This special section comprises two invited articles from a joint session of the 10th European Conference on Evolutionary Computation, Machine Learning, and Data Mining in Computational Biology (EvoBIO 2012) and the 15th European Conference on Genetic Programming (EuroGP 2012). These two conferences met as part of the jointly organized EvoStar (www.evostar.org) event, which was held 11–13 April in Málaga, Spain. This first ever joint session of EuroGP and EvoBIO brought together researchers in genetic programming and researchers using AI inspired algorithms for analyzing biological datasets, to promote mutually beneficial conversations and collaborations. The two papers in this special section are fully revised and significantly extended versions of the research presented at the conference. These papers underwent the same rigorous review and editing process that readers have come to expect from this journal.

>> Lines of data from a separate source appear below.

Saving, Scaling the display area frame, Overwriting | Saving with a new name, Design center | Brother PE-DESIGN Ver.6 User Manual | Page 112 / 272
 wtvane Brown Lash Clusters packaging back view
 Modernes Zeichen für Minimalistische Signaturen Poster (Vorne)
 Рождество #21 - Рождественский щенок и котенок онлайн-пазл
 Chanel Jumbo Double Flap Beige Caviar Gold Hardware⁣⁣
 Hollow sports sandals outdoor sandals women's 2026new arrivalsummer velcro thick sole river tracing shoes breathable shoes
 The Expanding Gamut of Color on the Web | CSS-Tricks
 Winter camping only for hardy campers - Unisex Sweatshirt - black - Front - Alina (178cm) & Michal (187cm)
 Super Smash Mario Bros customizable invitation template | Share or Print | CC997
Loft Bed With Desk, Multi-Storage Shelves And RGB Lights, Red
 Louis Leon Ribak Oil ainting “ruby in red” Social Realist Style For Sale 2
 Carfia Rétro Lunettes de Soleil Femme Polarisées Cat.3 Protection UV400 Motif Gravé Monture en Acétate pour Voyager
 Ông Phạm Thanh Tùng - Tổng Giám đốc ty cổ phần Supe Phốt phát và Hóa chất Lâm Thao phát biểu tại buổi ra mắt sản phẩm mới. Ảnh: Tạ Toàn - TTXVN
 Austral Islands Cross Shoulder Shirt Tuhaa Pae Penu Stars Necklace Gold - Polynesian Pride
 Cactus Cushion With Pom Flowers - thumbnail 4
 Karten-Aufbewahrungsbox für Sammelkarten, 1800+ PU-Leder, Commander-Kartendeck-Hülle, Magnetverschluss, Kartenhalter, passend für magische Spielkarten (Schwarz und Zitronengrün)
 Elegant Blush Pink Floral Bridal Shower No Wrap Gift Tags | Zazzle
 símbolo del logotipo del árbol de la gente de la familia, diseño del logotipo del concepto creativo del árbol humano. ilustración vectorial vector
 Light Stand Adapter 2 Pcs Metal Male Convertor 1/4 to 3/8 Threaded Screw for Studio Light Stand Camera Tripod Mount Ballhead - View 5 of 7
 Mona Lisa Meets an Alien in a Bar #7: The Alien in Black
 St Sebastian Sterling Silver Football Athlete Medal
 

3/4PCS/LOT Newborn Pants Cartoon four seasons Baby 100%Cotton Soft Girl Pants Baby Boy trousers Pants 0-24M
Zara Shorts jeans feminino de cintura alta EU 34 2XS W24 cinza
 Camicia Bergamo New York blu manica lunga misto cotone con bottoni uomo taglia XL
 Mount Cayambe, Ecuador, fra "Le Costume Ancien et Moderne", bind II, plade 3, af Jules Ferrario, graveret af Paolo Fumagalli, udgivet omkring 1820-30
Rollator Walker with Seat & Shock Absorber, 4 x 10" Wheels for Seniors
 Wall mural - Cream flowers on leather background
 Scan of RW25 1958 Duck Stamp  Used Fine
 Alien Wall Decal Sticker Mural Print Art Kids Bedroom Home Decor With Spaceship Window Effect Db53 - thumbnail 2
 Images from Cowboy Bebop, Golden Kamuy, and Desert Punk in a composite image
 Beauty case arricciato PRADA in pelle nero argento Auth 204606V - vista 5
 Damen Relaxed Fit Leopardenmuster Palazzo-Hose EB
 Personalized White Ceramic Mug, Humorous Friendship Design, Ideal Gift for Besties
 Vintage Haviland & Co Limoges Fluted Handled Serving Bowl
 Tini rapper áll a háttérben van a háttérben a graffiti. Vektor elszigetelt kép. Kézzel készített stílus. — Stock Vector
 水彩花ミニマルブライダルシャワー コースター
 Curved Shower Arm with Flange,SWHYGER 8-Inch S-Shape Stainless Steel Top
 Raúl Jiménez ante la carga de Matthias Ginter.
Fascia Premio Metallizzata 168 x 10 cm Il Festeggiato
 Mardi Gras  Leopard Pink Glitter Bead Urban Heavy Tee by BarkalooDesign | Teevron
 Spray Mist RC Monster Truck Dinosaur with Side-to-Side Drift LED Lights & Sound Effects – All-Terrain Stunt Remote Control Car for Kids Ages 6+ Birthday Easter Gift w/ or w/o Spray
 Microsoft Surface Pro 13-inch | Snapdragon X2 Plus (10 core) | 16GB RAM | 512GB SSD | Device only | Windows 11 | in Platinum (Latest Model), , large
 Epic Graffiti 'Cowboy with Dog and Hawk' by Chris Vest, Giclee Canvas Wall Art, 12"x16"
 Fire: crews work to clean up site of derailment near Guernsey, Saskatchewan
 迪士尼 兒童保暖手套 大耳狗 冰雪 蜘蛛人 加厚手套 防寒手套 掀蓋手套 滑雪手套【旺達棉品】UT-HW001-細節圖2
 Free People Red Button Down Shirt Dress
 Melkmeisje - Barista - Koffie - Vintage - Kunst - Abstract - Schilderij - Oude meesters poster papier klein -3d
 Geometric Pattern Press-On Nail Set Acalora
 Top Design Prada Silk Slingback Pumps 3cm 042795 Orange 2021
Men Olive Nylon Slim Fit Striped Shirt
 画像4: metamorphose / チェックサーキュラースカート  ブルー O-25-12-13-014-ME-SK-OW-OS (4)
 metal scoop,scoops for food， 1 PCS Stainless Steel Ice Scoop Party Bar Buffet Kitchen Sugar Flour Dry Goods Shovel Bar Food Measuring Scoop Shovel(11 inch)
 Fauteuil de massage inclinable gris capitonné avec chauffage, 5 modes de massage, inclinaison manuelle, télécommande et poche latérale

The first paper in this special section is “Gene Regulatory Networks Reconstruction from Time Series Datasets using Genetic Programming: a Comparison Between Tree-Based and Graph-Based Approaches,” by Leonardo Vanneschi, Matteo Mondini, Martino Bertoni, Alberto Ronchi, and Mattia Stefano. This paper presents two genetic programming approaches to deciphering how genes in biological systems interact to regulate each others’ expression, given time series data about which genes are activated in what sequences. Much of the complexity in living organisms derives from these gene regulatory interactions, so it is fundamentally important to form testable hypotheses about expression pathways. Given the size of the relevant datasets, biologists would clearly benefit from an automated approach such as genetic programming. The authors present two GP systems, GRNGen and GeNet, and show that both are useful, but that only GeNet scales to larger networks.

The second paper is “A New Genetic Programming Framework based on Reaction Systems,” by Luca Manzoni, Mauro Castelli, and Leonardo Vanneschi. Rather than using GP to solve an important biological problem, this paper uses biochemistry as a model for a sophisticated new GP methodology. In biological systems, different chemical reagents interact with one another, enhancing or inhibiting a reaction that can only occur when the right ingredients are available in the right quantities. The new approach, called Evolutionary Reaction Systems, models analogous dynamic interactions of computational primitive functions in order to solve a given problem. One potential advantage of this approach is that the GP practitioner need not specify an a priori set of base functions. Rather, the system itself learns the base function set from the dynamics that the programmer describes. The paper presents applications of this idea to several classical test problems as a proof of concept.

These two papers demonstrate the usefulness to both biological and GP research of cross-fertilization between the EvoBIO and EuroGP communities. I predict that there is much more valuable insight to be had from such interactions. In 2014, EvoBIO and EuroGP will again be part of the EvoSTAR conferences, which will meet 23–25 April in Baeza, Jaén, Spain. I invite you to submit your latest work on genetic programming or other approaches to machine learning or data mining for Biological applications to these well-regarded conferences, or just to join us at this important annual cross-disciplinary event.